# WORK REQUIRED:
Each line below must be reproduced exactly as it stands. Pictures stay out of the copy.

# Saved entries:
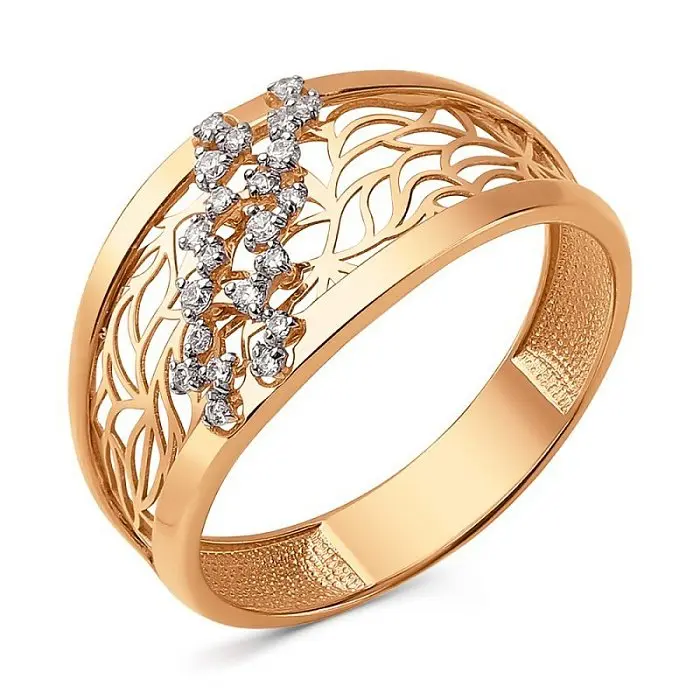 Кольцо декоративное из красного золота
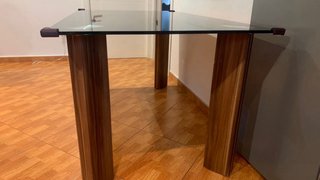 Mesa Comedor Cristal Negro Moderna
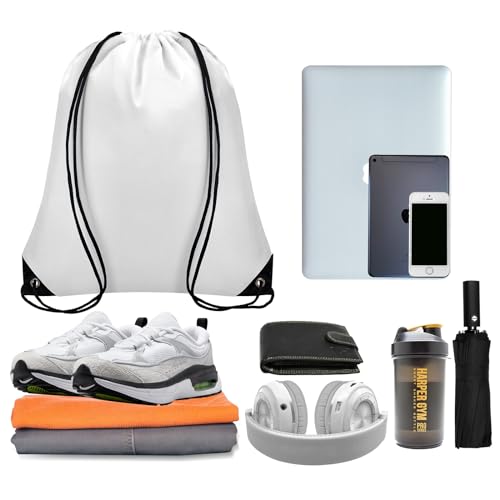 Grneric 50Pcs Drawstring Backpack Bulk Cinch Bag, Drawstring Bags Polyester for Gym Sports Beach Party Trip (White) - color: White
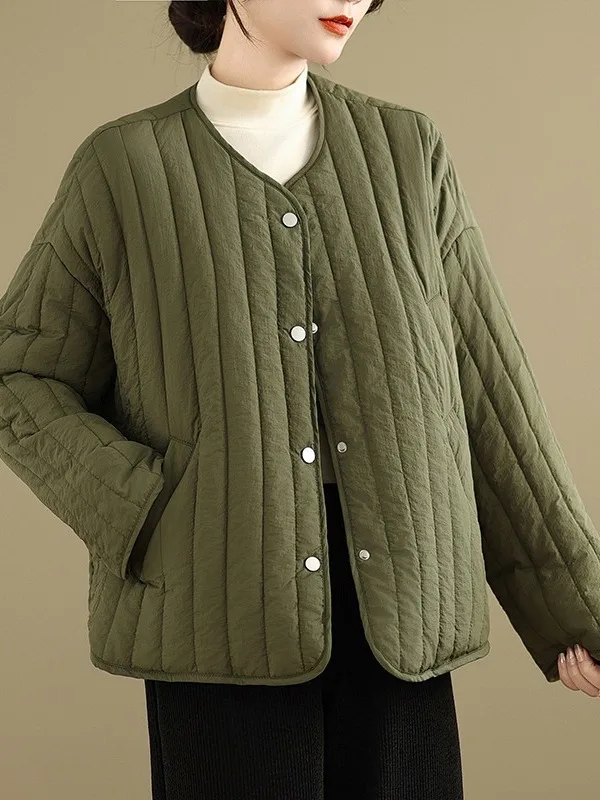 

Retro round Ne Flannel Long Sve Cotton Jaet Women Winter Loose Slimming Faionable Youthful Single Button Cotton or...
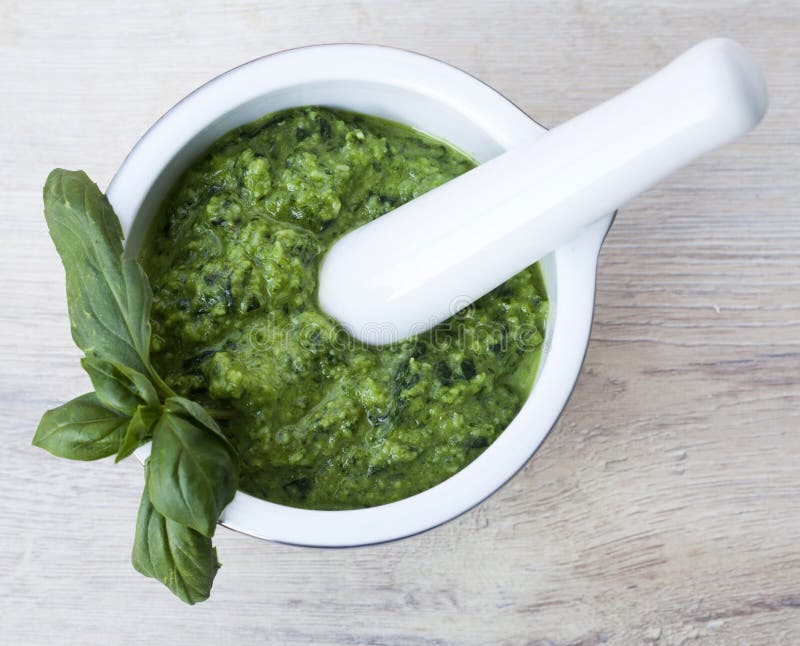 Basil pesto in ceramic bowl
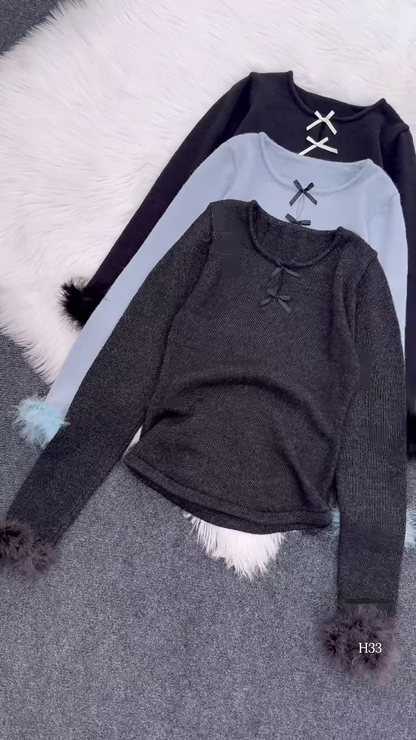 Fur-Cuffed Bow Detail Sweaters 🧥 Available in Black, Light Blue, Dark Grey, Red & Cream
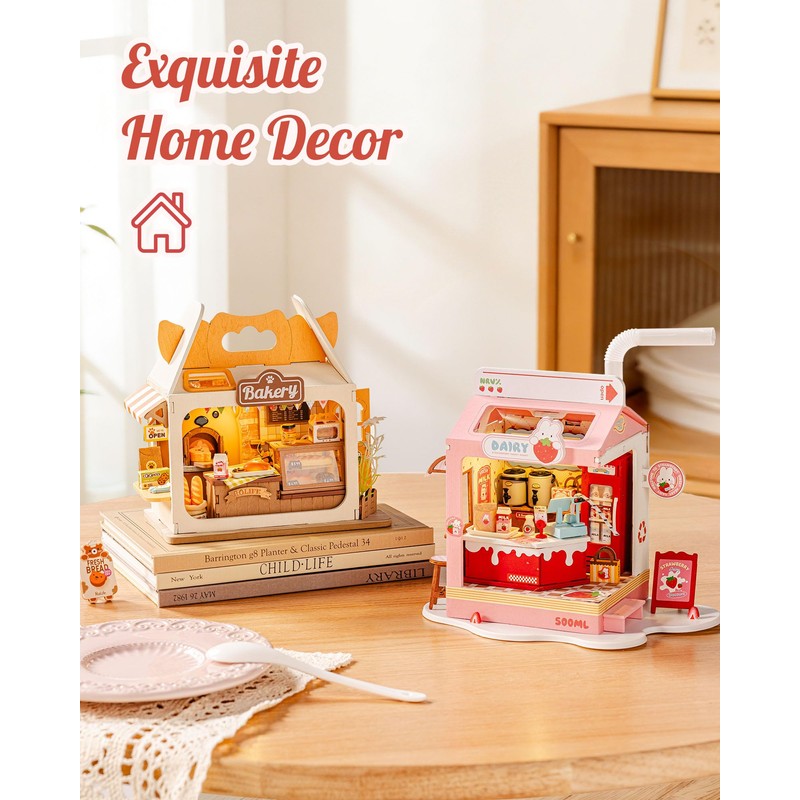 Robotime DIY Miniature House Kit, 1:28 Scale Tea Shop Scale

# TASK OUTPUT:
 Кольцо декоративное из красного золота
 Mesa Comedor Cristal Negro Moderna
 Grneric 50Pcs Drawstring Backpack Bulk Cinch Bag, Drawstring Bags Polyester for Gym Sports Beach Party Trip (White) - color: White

Retro round Ne Flannel Long Sve Cotton Jaet Women Winter Loose Slimming Faionable Youthful Single Button Cotton or...
 Basil pesto in ceramic bowl
 Fur-Cuffed Bow Detail Sweaters 🧥 Available in Black, Light Blue, Dark Grey, Red & Cream
 Robotime DIY Miniature House Kit, 1:28 Scale Tea Shop Scale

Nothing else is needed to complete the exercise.